Reluctantly, Fort Wayne distributed the results to its schools, but not
before Mr. Kline had ordered them stamped: "May contain inaccurate
scores."

Then, with no options left, Mr. Kline gave up, assuming he had heard the
last of the matter.

In New York: Unearned Tickets to Summer School

In April, about the time Mr. Kline was conceding his fight, 300,000
students in New York City's public schools were taking their reading and
math tests in grades 3, 5, 6 and 7. Those tests, too, were designed by
CTB. And though many of the multiple-choice questions were different from
Indiana's, both school systems drew some of their questions from the same
versions of the company's flagship test, Terra Nova.

But the New York City Board of Education and its chancellor, Dr. Crew, had
decided to attach a much greater value to CTB's tests than Indiana did.
For the first time that spring, students in grades 3 and 6 were required
to pass CTB's test, or attend summer school. And if they did poorly in
summer school, they would be held back.

Making such decisions based on a single test score violates the testing
industry's standards, and both CTB and city school officials agree that
the company advised the city against putting such a premium on its test.
But the board forged ahead anyway.

Dr. Crew raised the stakes not only for children but also for school
principals and superintendents of the city's 32 neighborhood school
districts. He announced that, for the first time, school officials would
be judged by how well their students did on the CTB tests. Those educators
whose students scored poorly faced the loss of their jobs.

Dr. Crew's future was also at stake. For two years, Dr. Crew had managed
to do something that had eluded his predecessor, Ramon C. Cortines: forge
a warm relationship with Mayor Rudolph W.  Giuliani. But that was
changing. The issue: school vouchers.

Mr. Giuliani said he believed that taxpayer money should help finance
private-school tuition for thousands of students who were attending
failing public schools. Dr. Crew disagreed with the mayor, and he did so
publicly.

So long as test scores kept going up, Dr. Crew felt that he could defend
his position. If the scores were bad, Dr. Crew's own job would be on the
line.

When the eagerly awaited reading scores arrived from Monterey in early
May, Mr. Tobias, the New York system's testing director, was among the
first to see them.

The news was not good. As in Indiana, many of the students' scores had
dipped sharply from the previous year - so steeply and uniformly as to
appear improbable, Mr. Tobias thought. Knowing how high the stakes were
this year, Mr. Tobias directed his staff to ask CTB whether it had made a
mistake. The company's response, Mr. Tobias recalls, was as swift as it
was definitive: "We can't find anything wrong."
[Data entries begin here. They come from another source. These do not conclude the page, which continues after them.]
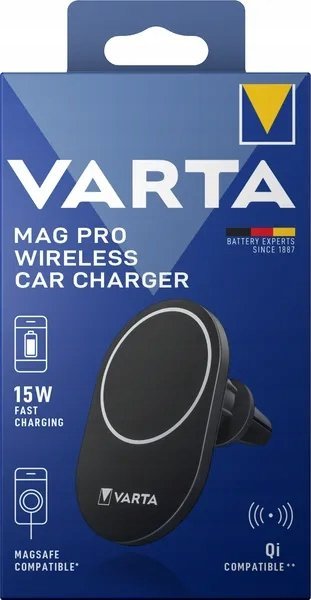 Karikues automjeti me valë Varta Mag Pro, për smartphone, magnetik, i zi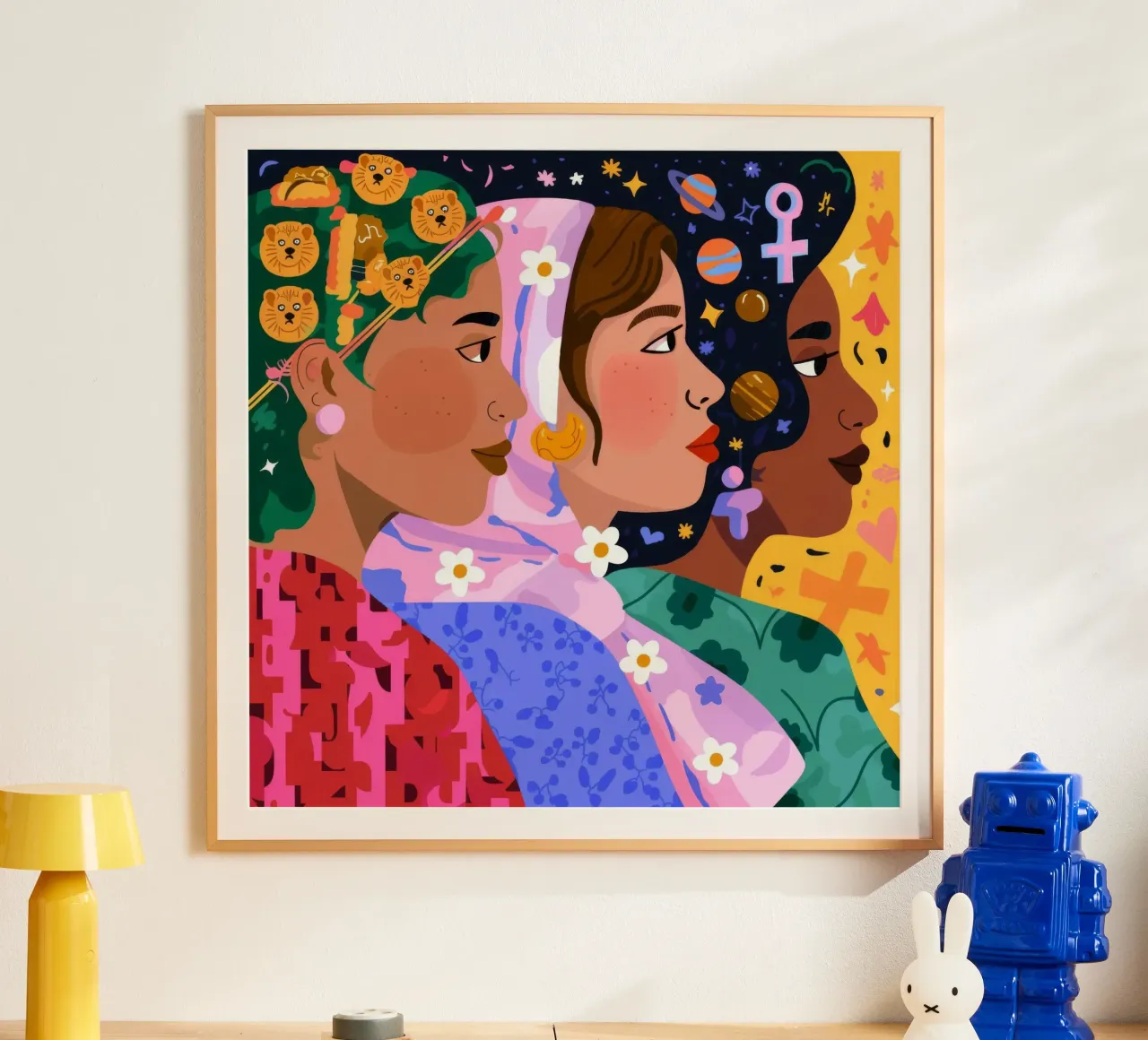 Floral Profile Duo poster con telaio in plastica da Emery Kate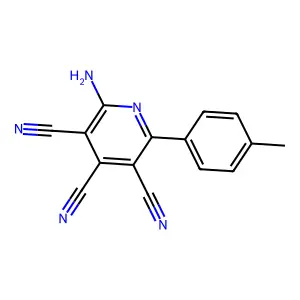 2-Amino-6-(4-methylphenyl)-3,4,5-pyridinetricarbonitrile structure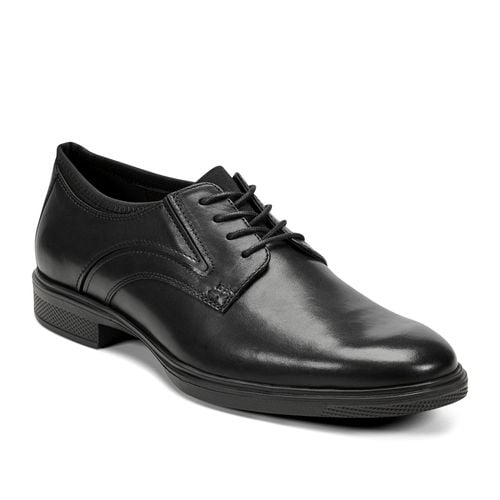 Rockport Keelan Cushioned Arch Support Men's Dress Oxford - Black Leather - 2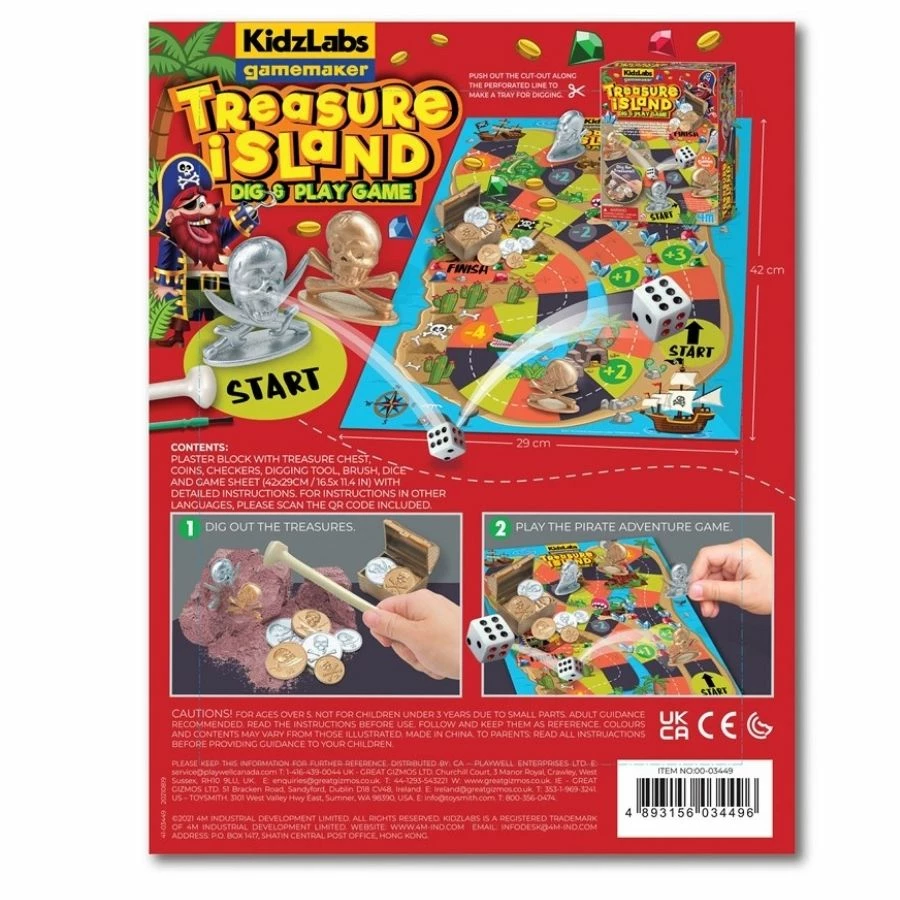 4M Toys - KidzLabs Gamemaker Treasure Island Dig And Play Game 5 4M Toys - KidzLabs Gamemaker Treasure Island Dig And Play Game - Image 3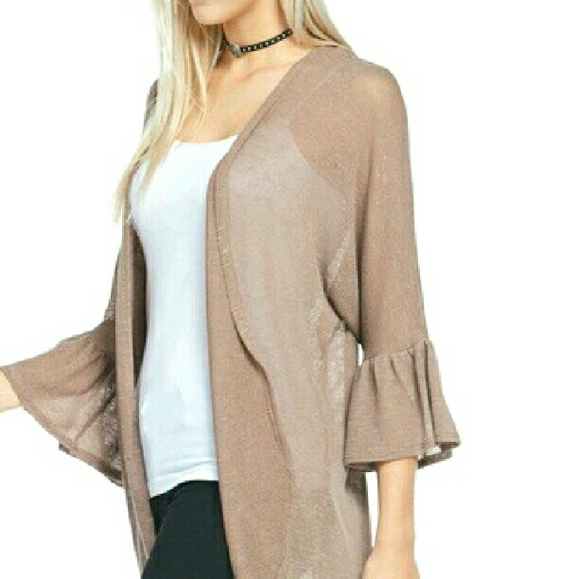 Bellino "Bell-sleeve Open Cardigan" - Picture 4 of 4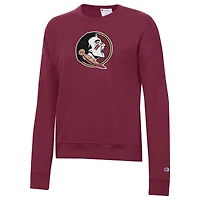 Women's Champion Garnet Florida State Seminoles Powerblend Sweatshirt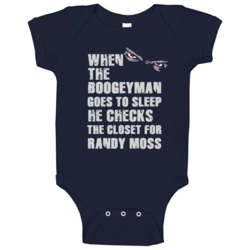 Randy Moss Boogeyman Football Sports New England Baby One Piece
Mr. Tobias continued to press CTB, eventually calling the company himself
to make an argument the company had already heard: perhaps the tests from
one year to the next were not quite equal.  No one told him that he was
echoing Indiana's earlier suspicions.

Still, CTB held firm. "If we were not comfortable, we would have advised
them not to release the data," said Mr. Taggart, CTB's president.

Unsure of what to do, Mr. Tobias held off releasing the results until June
8, the last possible day the scores could be used to make summer-school
assignments.

As the date approached, Mr. Tobias finally told Dr. Crew about his doubts.
Dr. Crew says he seriously considered calling the press to disavow the
results. But as a national spokesman for the movement toward standardized
assessment, Dr. Crew decided his credibility would be lost. He thought he
would be seen as a crybaby.

Mr. Tobias concurred.

"Errors of measurement are a fact of life in this business," Mr. Tobias
said in an interview. "There are times you can explain them. Other times
you just bite the bullet and accept the data as they are."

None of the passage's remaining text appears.